◆ Stored entries ◆
──────────

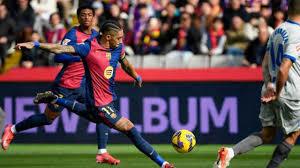 لقطة من مباراة برشلونة ضد إشبيلية في الدوري الإسباني موسم 2025-2026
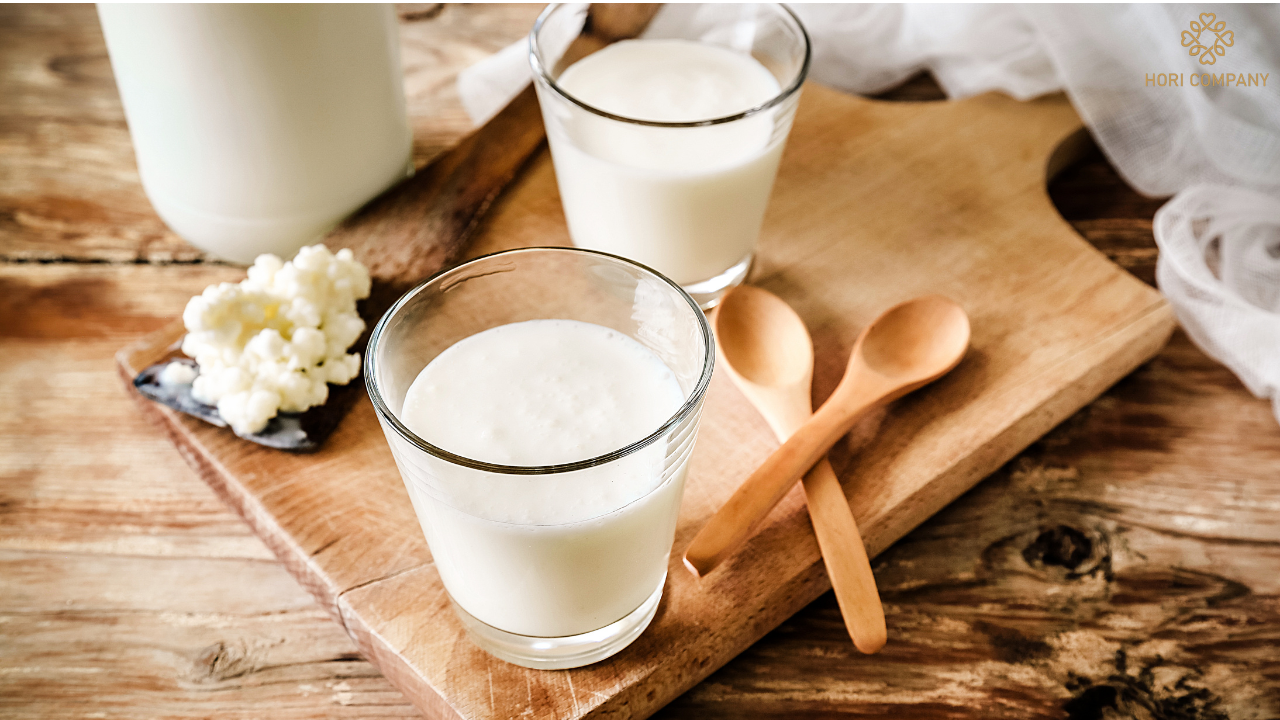 ạn có thể dùng kefir để uống liền. Hoặc kết hợp với những món trái cây làm sinh tố hoặc bữa sáng/bữa xế.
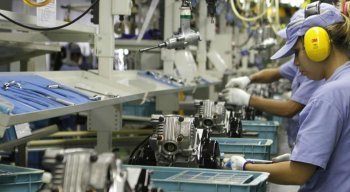 Pesquisa do IBGE revela que crises econômicas desde 2014 contribuíram para perdas registradas no pessoal ocupado assalariado em 2015 e 2016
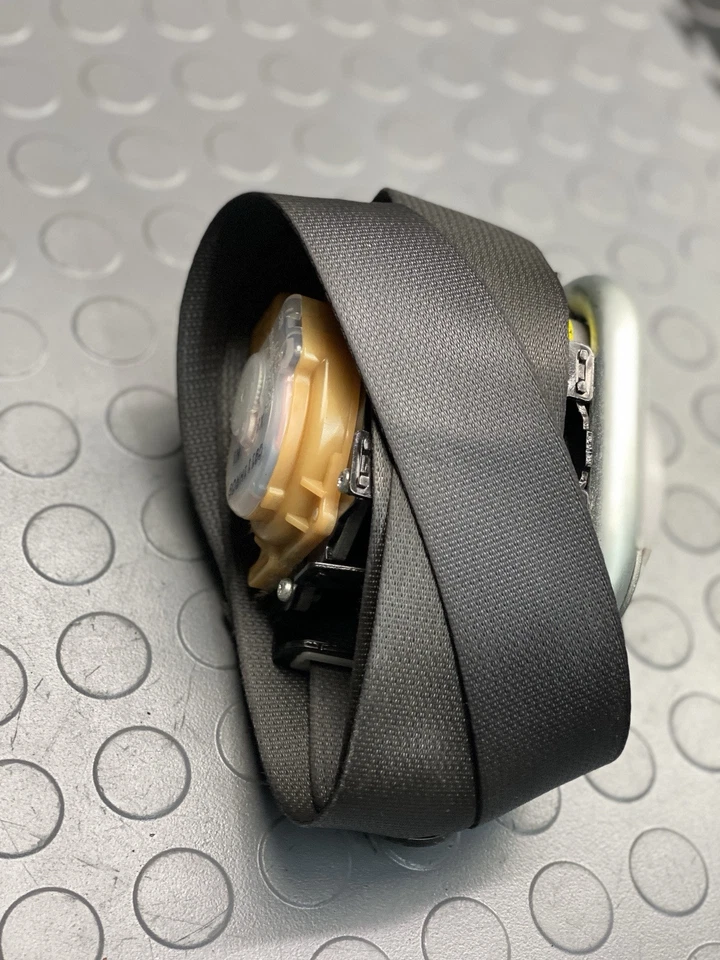 Cinturón de seguridad del pasajero delantero derecho SCION TC 2005-2010 *BUENO* OEM Foto 3 de 4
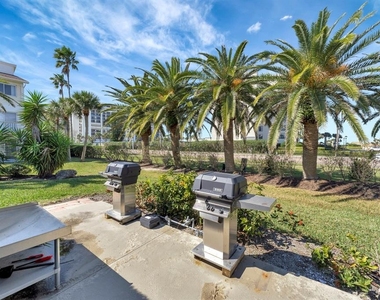 1451 Gulf Boulevard - Photo Thumbnail 18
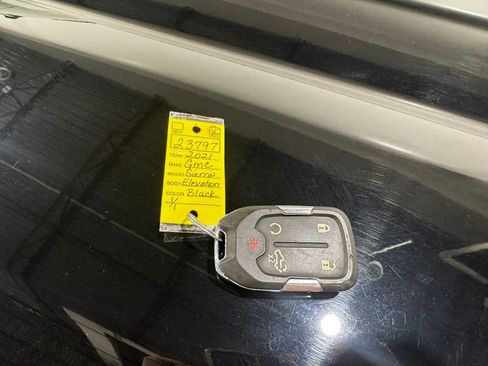 Used 2021 GMC Sierra 1500 Elevation w/ Preferred Package image 48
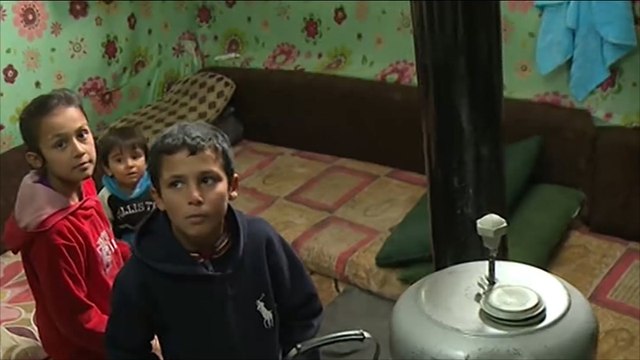 العاصفة الثلجية تفاقم معاناة اللاجئين السوريين في لبنان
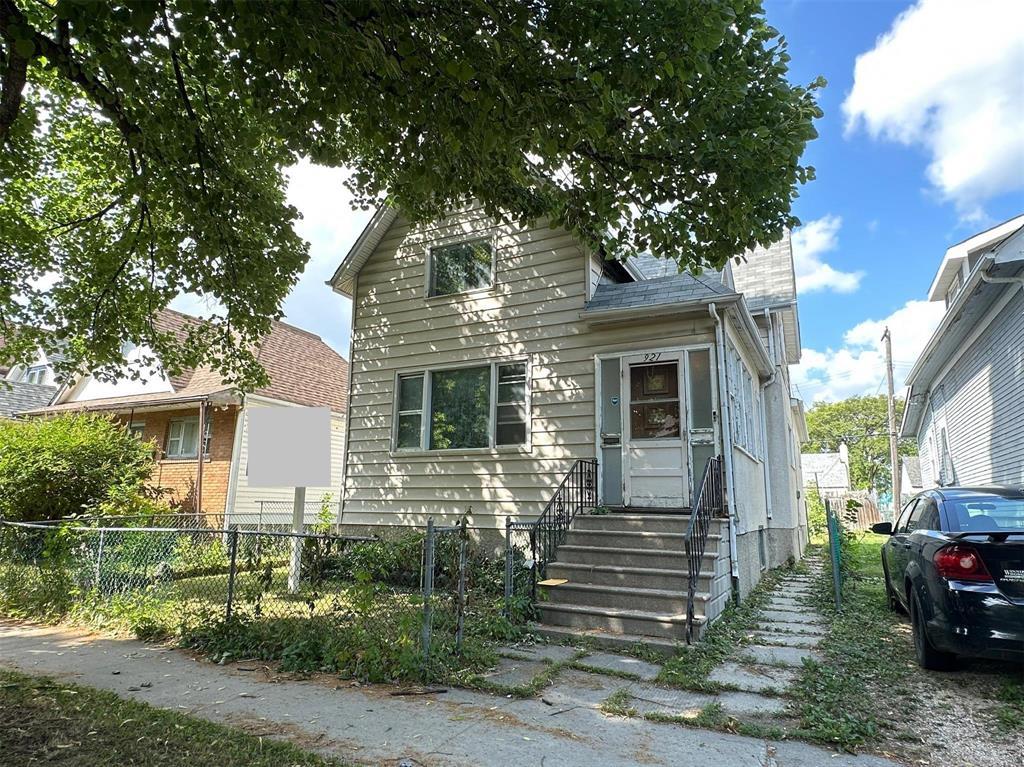 Photo 27 of 921 Winnipeg Avenue, Winnipeg MB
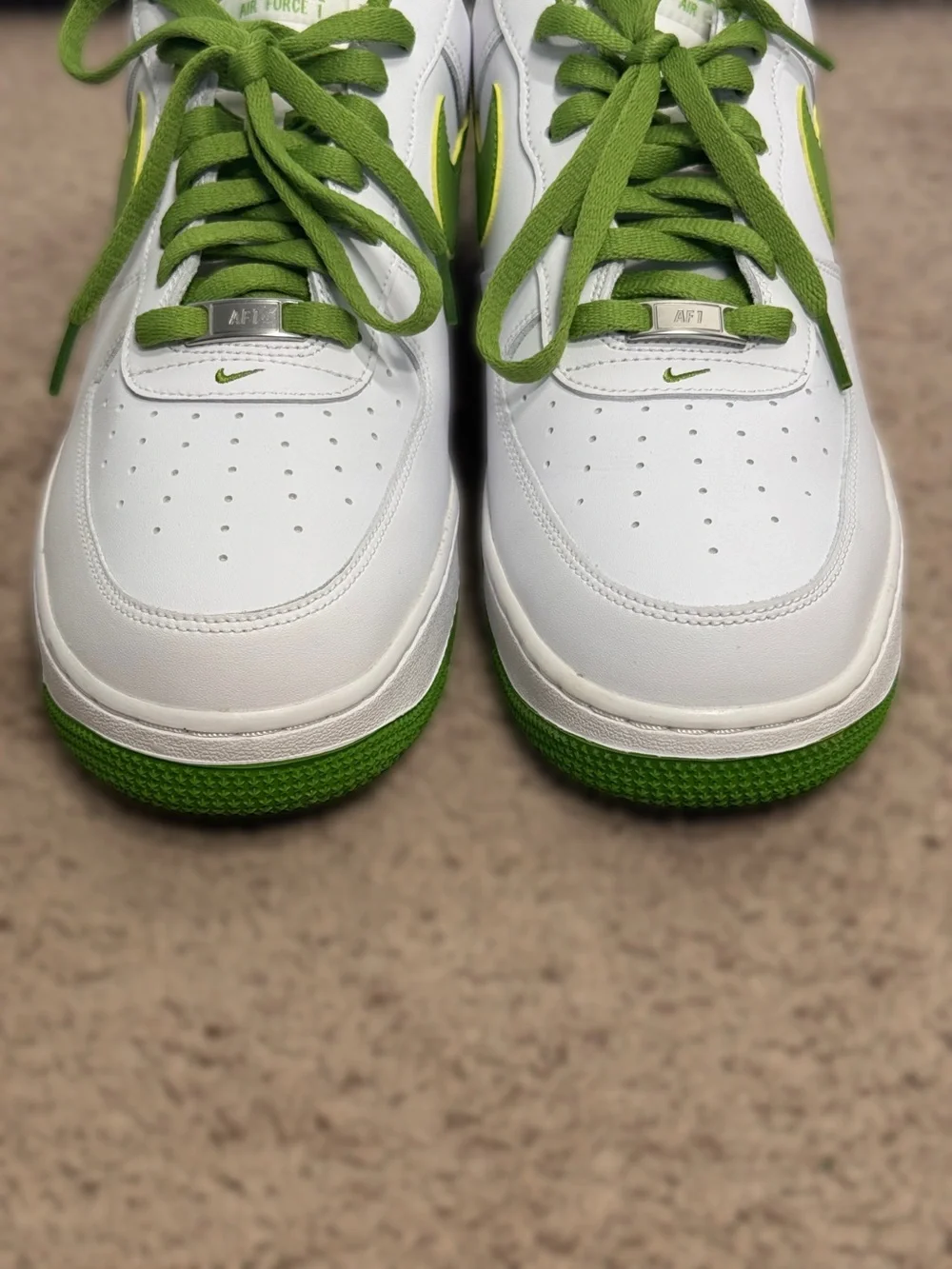 Nike Air Force 1 Low '07 White Chlorophyll Men’s Sz 12 Bright Green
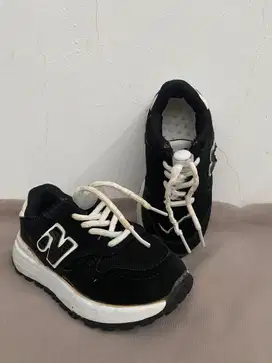 Sepatu anak hitam uk 24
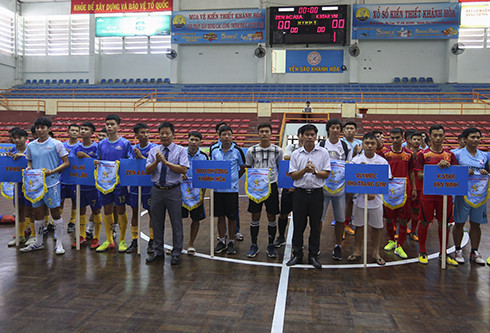 Ban tổ chức tặng cờ lưu niệm cho các đội dự giải.
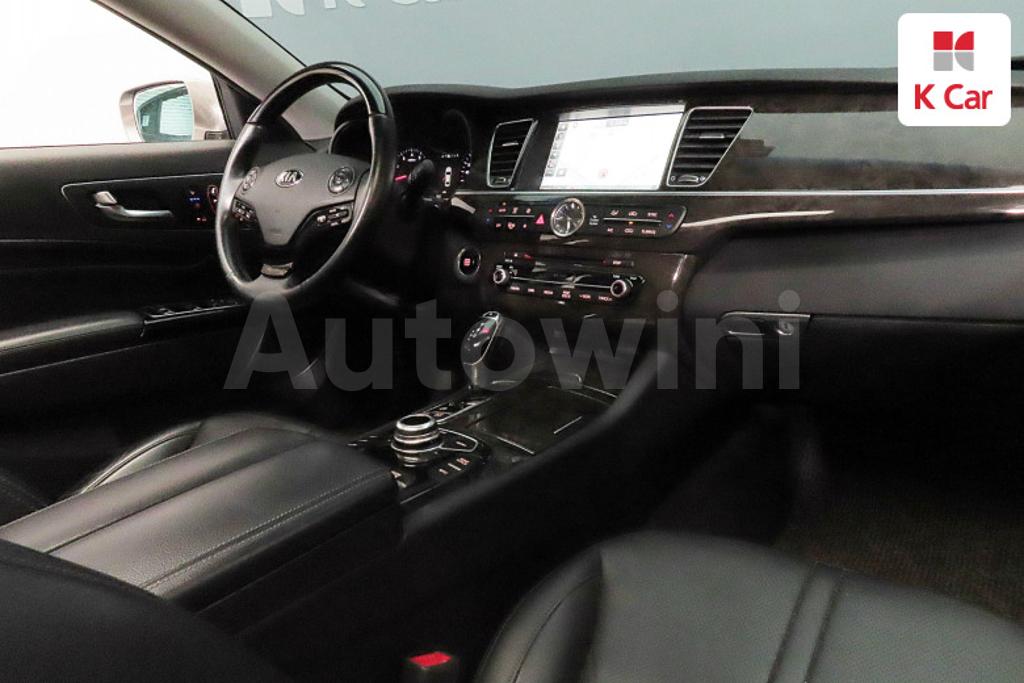 2015 KIA  K9 QUORIS 3.8 GDI NOBLESSE - 9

──────────

◆ Directions ◆
Return each line above word for word. Skip the pictures.

◆ Written solution ◆
 لقطة من مباراة برشلونة ضد إشبيلية في الدوري الإسباني موسم 2025-2026
 ạn có thể dùng kefir để uống liền. Hoặc kết hợp với những món trái cây làm sinh tố hoặc bữa sáng/bữa xế.
 Pesquisa do IBGE revela que crises econômicas desde 2014 contribuíram para perdas registradas no pessoal ocupado assalariado em 2015 e 2016
 Cinturón de seguridad del pasajero delantero derecho SCION TC 2005-2010 *BUENO* OEM Foto 3 de 4
 1451 Gulf Boulevard - Photo Thumbnail 18
 Used 2021 GMC Sierra 1500 Elevation w/ Preferred Package image 48
 العاصفة الثلجية تفاقم معاناة اللاجئين السوريين في لبنان
 Photo 27 of 921 Winnipeg Avenue, Winnipeg MB
 Nike Air Force 1 Low '07 White Chlorophyll Men’s Sz 12 Bright Green
 Sepatu anak hitam uk 24
 Ban tổ chức tặng cờ lưu niệm cho các đội dự giải.
 2015 KIA  K9 QUORIS 3.8 GDI NOBLESSE - 9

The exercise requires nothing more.